Ende November ging es für Volkswagen nach Mexiko, um finale Schotter-Tests vor dem Saisonstart zu absolvieren. Neben Sebastien Ogier war auch erstmals Jari-Matti Latvala mit an Bord. Der Finne wurde allerdings erneut seinem Ruf gerecht und kollidierte mit einem Zivilistenfahrzeug. Glücklicherweise wurde niemand ernsthaft verletzt und Volkswagen konnte die Tests fortsetzen.
Mitte Dezember wurde es dann noch einmal ernst: Vor der versammelten Presse stellte das Team in Monte Carlo erstmals den fertig lackierten und präparierten Wagen der Weltöffentlichkeit vor.
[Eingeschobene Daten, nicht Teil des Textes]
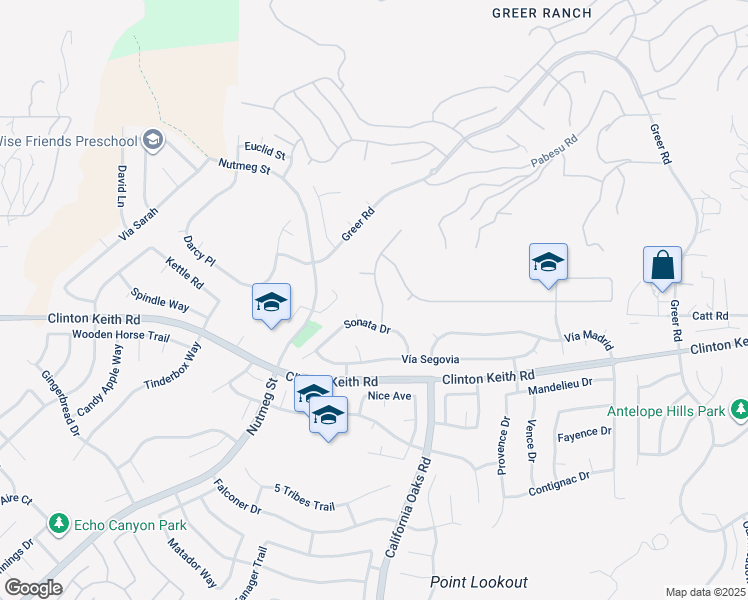 map of restaurants, bars, coffee shops, grocery stores, and more near 35975 Murano Street in Murrieta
Der Startschuss in eine neue Ära fiel am Mittwoch, den 16. Januar 2013 bei der Rallye Monte Carlo. Der Einstand hätte nicht besser gelingen können, denn bereits auf der ersten Prüfung fuhr Sebastien Ogier zur Bestzeit. Am Ende reichte es für den zweiten Gesamtrang hinter Sebastien Loeb, doch Ogier strahlte und war zufrieden. Jari-Matti Latvala sah das Ziel nicht, da er eines der Opfer der schwierigen Bedingungen am Col de Turini wurde.
Am 10. Februar 2013 ist es Wahrheit: 647 Tage nach der Bekanntgabe des Einstiegs fährt Volkswagen zum ersten Sieg. Sebastien Ogier gewinnt zehn von zweiundzwanzig Wertungsprüfungen und lässt bei der Rallye Schweden Sebastien Loeb und den Rest des Feldes hinter sich - bei der zweiten Rallye nach dem Einstieg!
Am 3. Oktober 2013 wird ein Traum Wirklichkeit, den niemand zu Beginn der Saison auszusprechen wagte. Sebastien Ogier feierte durch Rang drei in der Power Stage in Frankreich den Titel. Volkswagen gewinnt drei Rallyes vor Saisonende im Premierenjahr dominant den Fahrer-Titel.
Nur eine Rallye später in Spanien ist wieder Zeit zum Feiern. Volkswagen bejubelt nach dem Fahrer-Titel auch noch die Hersteller-WM. Alle Titel im ersten Jahr und perfekter Durchmarsch!